Recent Commonplace Entries

October

“I well remember the scene when, staring at Molotov across the table from him, Trotsky made a cutting philippic against ‘the Party bureaucrats without souls, whose stone bottoms crush all manifestations of free initiative and free creativity of the labouring masses.’ Molotov, whose name Trotsky hadn’t mentioned, should have kept quiet and acted as if the matter had nothing to do with him, or better, nodded to indicate a sense of approval. Instead, he declared while adjusting his pince-nez and stuttering: ‘We can’t all be geniuses, Comrade Trotsky.’” (from Bazhanov and the Damnation of Stalin by Boris Bazhanov, p 53)

“Forcing himself down to Stalin’s level. Kamenev said, ‘Of the question of capturing the majority of the Party.’ ‘Do you know what I think about this?’ Stalin replied, ‘I believe that who and how people in the Party vote, is unimportant. What is extremely important is who counts the votes, and how they are recorded.’” (from Bazhanov and the Damnation of Stalin by Boris Bazhanov, p 57)

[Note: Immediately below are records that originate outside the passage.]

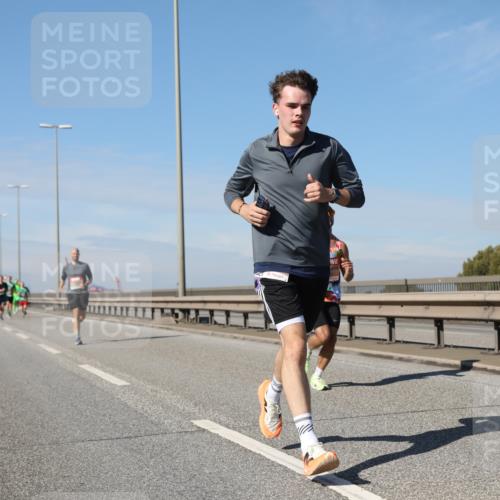 03.10.2025 - Köhlbrandbrückenlauf Yannick Fuchs http://msf.ph/oto/9186084 03.10.2025 11:44:07 Position 3  meine-sportfotos.de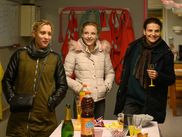 « J’ai décidé de partir dans une ville française où je n’ai aucune attache pour chercher anonymement du travail. (…) J’avais décidé d’arrêter le jour où ma recherche aboutirait, c’est-à-dire celui où je décrocherais un CDI. »  
Avant-propos de « Le quai de Ouistreham », Florence Aubenas (Editions de l’Olivier – 2010)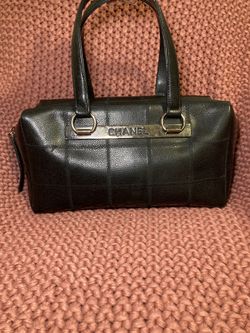 Pebble Leather Metal Plated Medium Size Vintage Shoulder Bag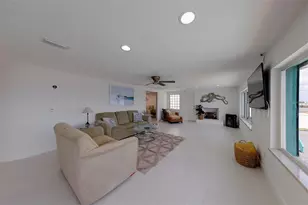 326 176th Ave Cir, Redington Shores, FL 33708 - Photo 19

“Eighteen months later, when Stalin removed Zinoviev and Kamenev from power, Zinoviev asked bitterly, remembering this plenum and the way he and Kamenev had saved Stalin, ‘Does Comrade Stalin know what gratitude is?” Pulling his pipe out of his mouth, Stalin replied, ‘Certainly I know; it is a malady that afflicts dogs.’” (from Bazhanov and the Damnation of Stalin by Boris Bazhanov, p 76)

“The People’s Commissar for Finances, Sokolnikov, who was undertaking monetary reform, submitted to the Politburo the nomination of Professor Yurovsky as member of the Narkomfin board and head of the department of foreign exchange. Yurovsky was not a communist, and he was unknown to the Politburo. One of the members asked, ‘I hope he’s not a Marxist?’ Sokolnikov hastened to reply, ‘No, oh, no. In the Foreign Exchange department one must know how to work, not chatter.’ The Politburo approved the nomination at once.” (from Bazhanov and the Damnation of Stalin by Boris Bazhanov, p 84)

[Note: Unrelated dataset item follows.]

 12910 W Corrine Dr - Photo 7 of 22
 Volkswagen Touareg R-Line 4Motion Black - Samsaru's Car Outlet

“Britain has never had a Court Opera in the continental sense, and that’s a good thing, sparing us the epic pomposity that disfigures so many European artistic institutions, and which was imported wholesale from the United States (expect a British orchestra to address you as ‘Maestro’ and you’ll be laughed off stage).” (Richard Bratby in the Spectator, September 24)

Eh? “Henry Kissinger concludes that our current (presumably western) world is ‘unmoored’, lacking a strategic and moral vision.” (Richard Overy, in review of Henry Kissinger’s Leadership in TLS, September 30)

“I confess even to this day that I still don’t understand quantum mechanics, and I’m not even sure I really know how to use it all that well. And a lot of this has to do with the fact that I still don’t understand it.” (Nobelist John F. Clauser, quoted in NYT, October 5)

“I tend to feel if you are going to live in a high-risk area, you’ve got to accept the risk. I’m not going to ask government to come and bail me out. And I think a lot of people feel that way.” (former CIA-director and founding mayor of Sanibel Island Porter J. Goss, quoted in NYT, October 5)

“You saw very substantial market dislocation. It’s a recognized role of central banks to respond to that.” (Lawrence H. Summers, a former U.S. Treasury Secretary now at Harvard, quoted in NYT, October 5)

“Our budgets have been heavily fiscally responsible, and they build a very compelling architecture toward critical investments and fiscal responsibility. So it would be a mistake to overtorque in reaction to current events.” (Jared Bernstein, a member of the White House Council of Economic Advisers, quoted in NYT, October 5)

“Mr. Urban’s later turn as a media entrepreneur made him one of Poland’s wealthiest business figures. Though he never loosened his commitment to communism, he relished in the luxuries that capitalist success afforded, like his-and-hers Jaguars, a mansion with an indoor pool and a squad of bodyguards.” (from NYT obituary of Jerzy Urban, October 7)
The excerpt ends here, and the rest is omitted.